The brief, filed in the U.S. Court of Appeals for the District of Columbia Circuit in the case of Green v. Department of Justice, argued Section 1201(a) of the Digital Millennium Copyright Act (DMCA) is constitutionally invalid on its face. The case arises after 25 years of people having to petition the Copyright Office for permission to exercise their fair use and other rights in copyrighted works that have been put under digital locks.  

“It has burdened Americans’ First Amendment-protected right to access and learn from digital works, including works they already own or embedded in physical objects they own,” the brief argued. “It has also burdened their rights to create their own protected expression, whether that expression includes fair-use copying of portions of others’ works, or reflects the uncopyrightable facts and ideas in those works.” 

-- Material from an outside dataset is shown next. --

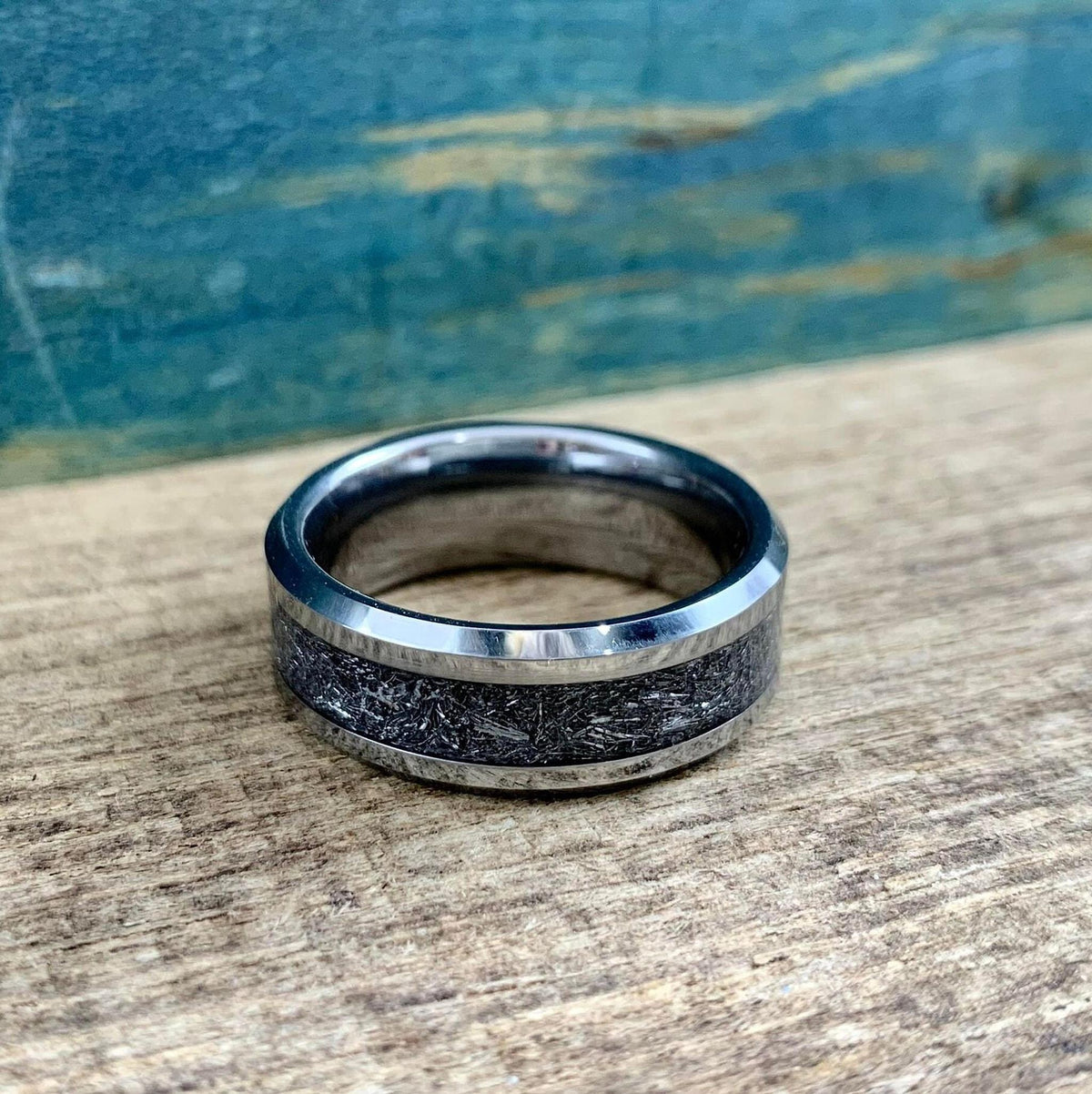 A silver-toned tungsten ring with a dark, textured meteorite inlay is shown from a top-down perspective on a wooden surface.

EFF and co-counsel filed this lawsuit in 2016 against the U.S. government on behalf of security researcher Matthew Green and technologist Andrew “bunnie” Huang, both of whom pursue projects that benefit the public and are perfectly lawful except for DMCA’s anti-speech provisions, which block their ability to develop and publish their work based upon fair use and other copyright exemptions.  

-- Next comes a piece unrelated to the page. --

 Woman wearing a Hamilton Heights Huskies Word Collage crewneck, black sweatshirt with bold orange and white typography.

The appeals court issued a narrow ruling in December 2022 on whether the First Amendment protected the plaintiffs’ rights to publish code that included instructions for circumventing encryption in order to read and build upon lawfully-acquired software and video. But no court has yet considered whether the law overall creates an unconstitutional speech-licensing regime, nor considered the 25 years of accumulated evidence that the law—passed in 1998 before the web became as ubiquitous as it is now—is overbroad because its impact falls predominantly on legitimate and important speech.  

Section 1201’s anti-circumvention and anti-trafficking provisions make it illegal for people to access even lawfully-purchased copyrighted material such as films, songs, and the computer code that controls vehicles, devices, and appliances, whenever such access requires bypassing encryption or another access-control technology. Enacted out of a belief that it was necessary to combat copyright infringement, this ban applies even where people want to make non-infringing fair uses of such materials or engage in speech that has nothing to do with copyright. Since infringers already face steep civil and criminal penalties, the primary impact of this law has been to stifle lawful speech. 

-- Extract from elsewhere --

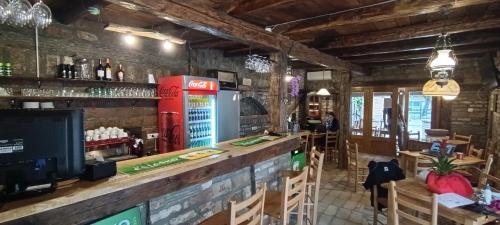a bar in a restaurant with a soda machine at Petrovaradinski Dvor in Petrovaradin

Congress knew that the ban would impact legitimate speech, reaching far beyond copyright infringement. But instead of narrowing the provision, it created a process that required people wishing to exercise their rights to petition the Librarian of Congress for an exemption—a process accessible only once every three years. EFF argues that this provision is also unconstitutional, since it allows the Copyright Office to decide that some completely legal speech is still not allowed. 

“This supposed ‘safety valve’ is not only onerous, slow, and biased, it is an unconstitutional speech-licensing regime,” the brief argued. “And because it lacks clear, definite standards and the procedural safeguards required by the First Amendment, it has generated rules that improperly discriminate against certain types of expression and certain speakers.” 

Green, a professor of computer science and applied cryptography at the Johns Hopkins Information Security Institute, studies the security of computer systems and teaches others how to do the same; his work requires finding weaknesses in code, which requires that he read the code in question. Huang, a prominent computer scientist and inventor, and his company Alphamax LLC, are developing devices for editing and analyzing digital video streams that would let people make innovative, real-time uses of their paid video content, such as automatically identifying video subjects, improving accessibility, or captioning a presidential debate with a running comment field from social media—all of which are easy to do if you are able to read the video data into a computer but impossible to do at the same quality otherwise.